▶ [Your goal]:
Only one stretch of the material below is wanted: everything from the line containing "Additional features include" down to the line containing "Check out this", both ends included. Repeat it exactly and skip the pictures.

▶ [Records supplied]:

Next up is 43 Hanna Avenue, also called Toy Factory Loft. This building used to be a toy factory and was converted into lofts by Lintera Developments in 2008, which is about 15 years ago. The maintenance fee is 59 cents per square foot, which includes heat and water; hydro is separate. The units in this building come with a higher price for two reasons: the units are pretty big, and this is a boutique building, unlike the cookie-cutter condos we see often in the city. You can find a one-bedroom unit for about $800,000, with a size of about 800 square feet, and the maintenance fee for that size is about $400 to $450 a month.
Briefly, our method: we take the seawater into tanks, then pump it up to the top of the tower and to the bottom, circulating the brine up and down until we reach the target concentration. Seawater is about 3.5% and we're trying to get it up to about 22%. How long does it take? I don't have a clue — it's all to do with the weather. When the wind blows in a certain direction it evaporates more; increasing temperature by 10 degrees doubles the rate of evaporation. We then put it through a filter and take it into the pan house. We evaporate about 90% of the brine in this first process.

* * *

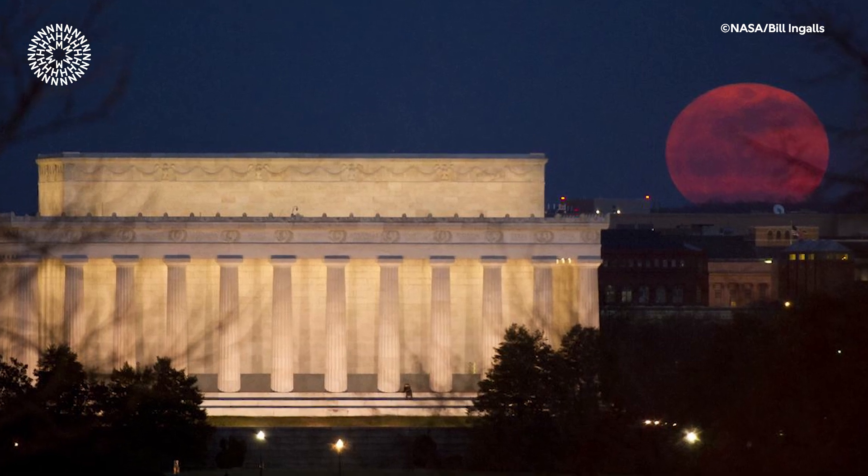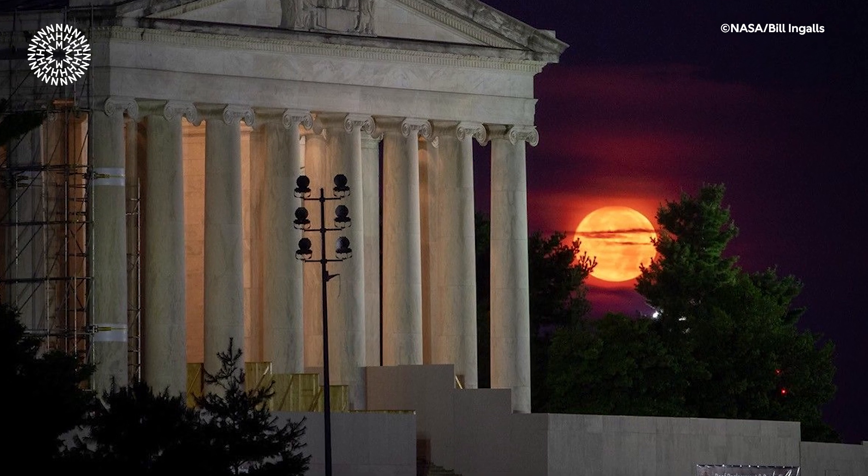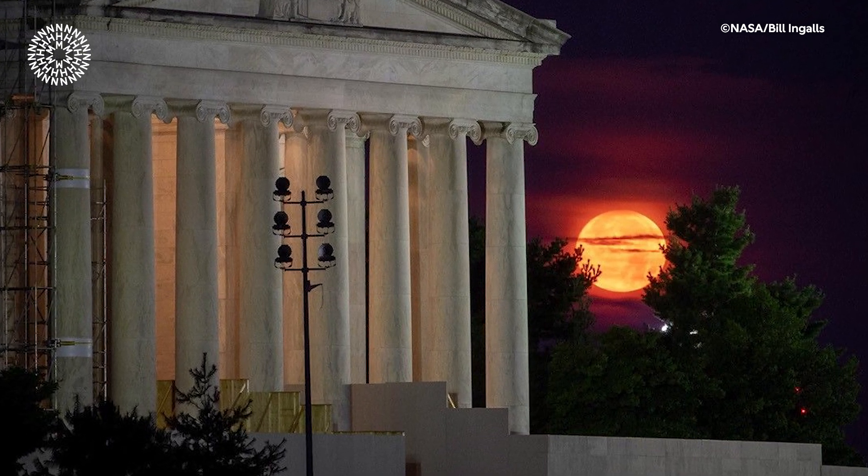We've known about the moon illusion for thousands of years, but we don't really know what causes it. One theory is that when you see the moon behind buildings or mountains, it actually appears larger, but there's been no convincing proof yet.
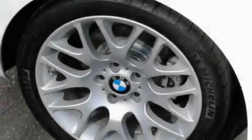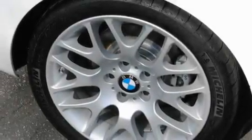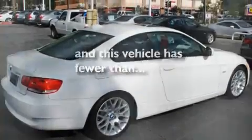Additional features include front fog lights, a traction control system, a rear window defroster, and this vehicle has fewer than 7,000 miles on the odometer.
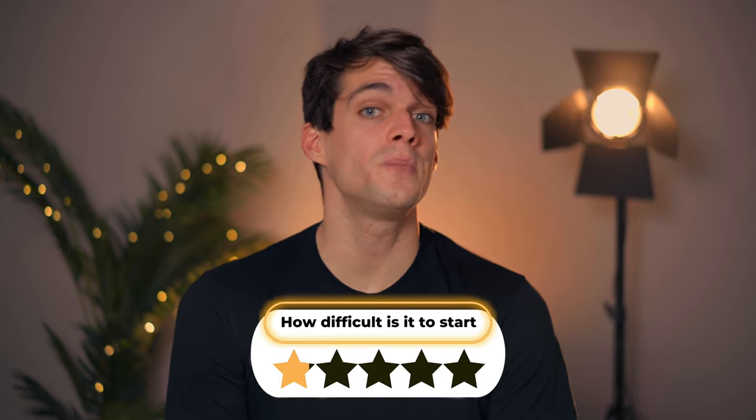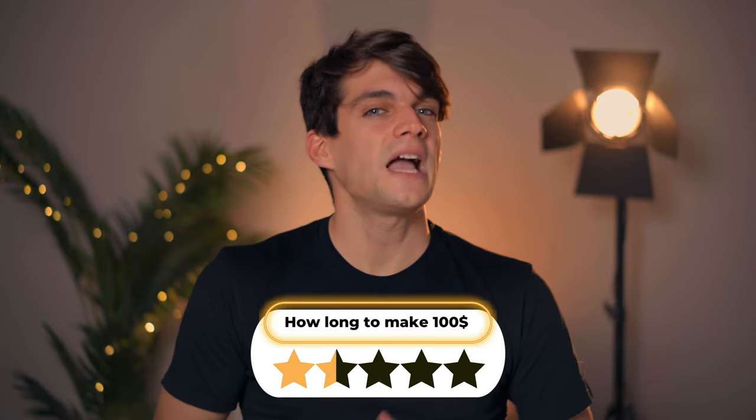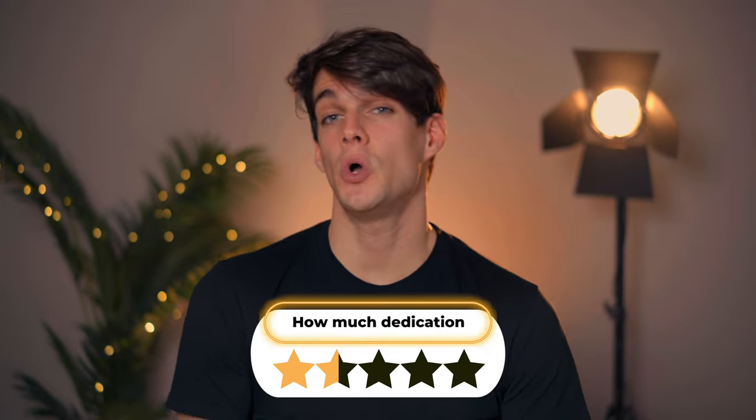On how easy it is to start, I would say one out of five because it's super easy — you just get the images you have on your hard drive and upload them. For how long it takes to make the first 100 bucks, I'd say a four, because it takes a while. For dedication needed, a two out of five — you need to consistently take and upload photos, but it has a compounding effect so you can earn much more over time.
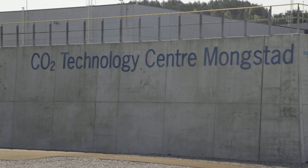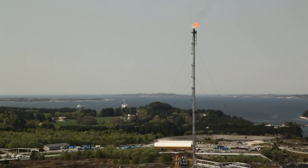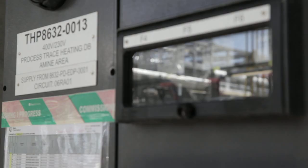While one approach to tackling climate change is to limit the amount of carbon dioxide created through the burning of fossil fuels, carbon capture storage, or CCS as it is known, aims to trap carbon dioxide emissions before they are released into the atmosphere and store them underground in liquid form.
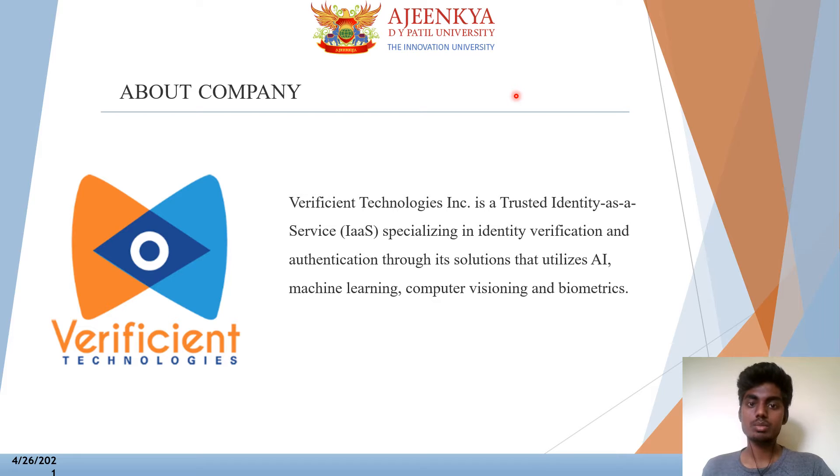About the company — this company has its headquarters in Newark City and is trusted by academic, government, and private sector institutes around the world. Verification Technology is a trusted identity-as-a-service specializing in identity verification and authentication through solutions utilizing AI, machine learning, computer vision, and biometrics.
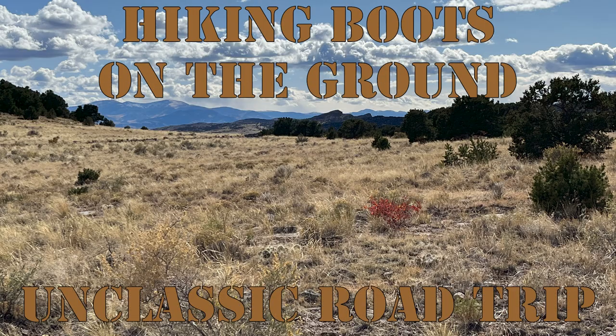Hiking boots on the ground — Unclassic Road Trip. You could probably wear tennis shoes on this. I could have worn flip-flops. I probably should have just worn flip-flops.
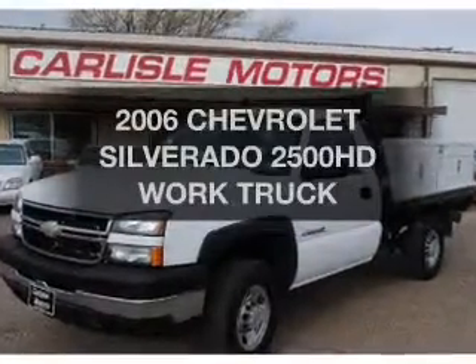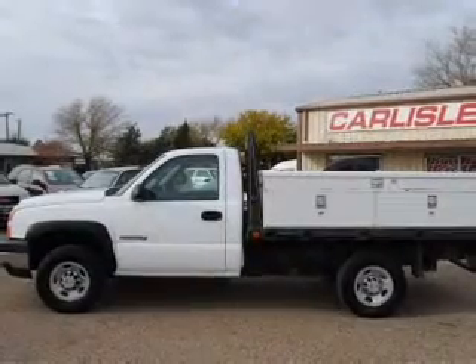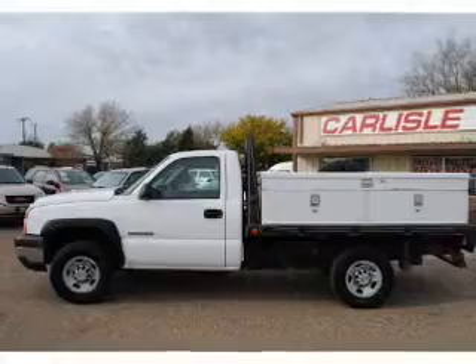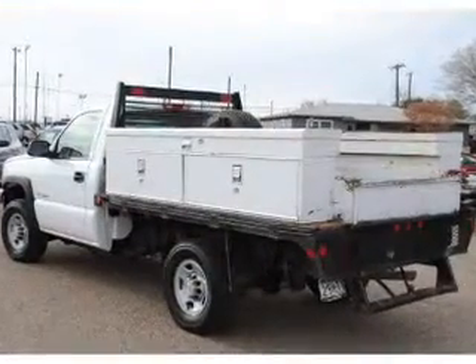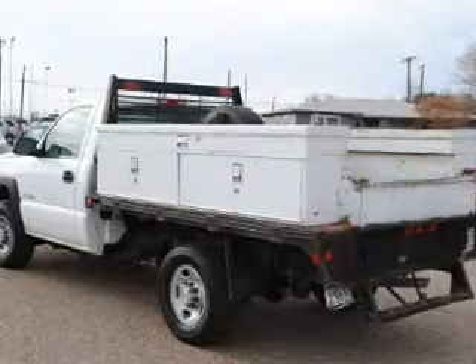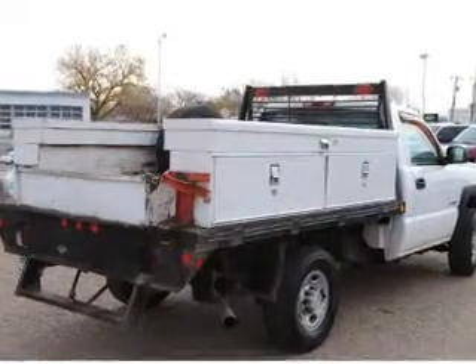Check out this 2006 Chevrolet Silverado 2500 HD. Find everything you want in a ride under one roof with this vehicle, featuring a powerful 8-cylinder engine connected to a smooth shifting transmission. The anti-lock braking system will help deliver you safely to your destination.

▶ [Written reply]:
Additional features include front fog lights, a traction control system, a rear window defroster, and this vehicle has fewer than 7,000 miles on the odometer.
On how easy it is to start, I would say one out of five because it's super easy — you just get the images you have on your hard drive and upload them. For how long it takes to make the first 100 bucks, I'd say a four, because it takes a while. For dedication needed, a two out of five — you need to consistently take and upload photos, but it has a compounding effect so you can earn much more over time.
While one approach to tackling climate change is to limit the amount of carbon dioxide created through the burning of fossil fuels, carbon capture storage, or CCS as it is known, aims to trap carbon dioxide emissions before they are released into the atmosphere and store them underground in liquid form.
About the company — this company has its headquarters in Newark City and is trusted by academic, government, and private sector institutes around the world. Verification Technology is a trusted identity-as-a-service specializing in identity verification and authentication through solutions utilizing AI, machine learning, computer vision, and biometrics.
Hiking boots on the ground — Unclassic Road Trip. You could probably wear tennis shoes on this. I could have worn flip-flops. I probably should have just worn flip-flops.
Check out this 2006 Chevrolet Silverado 2500 HD. Find everything you want in a ride under one roof with this vehicle, featuring a powerful 8-cylinder engine connected to a smooth shifting transmission. The anti-lock braking system will help deliver you safely to your destination.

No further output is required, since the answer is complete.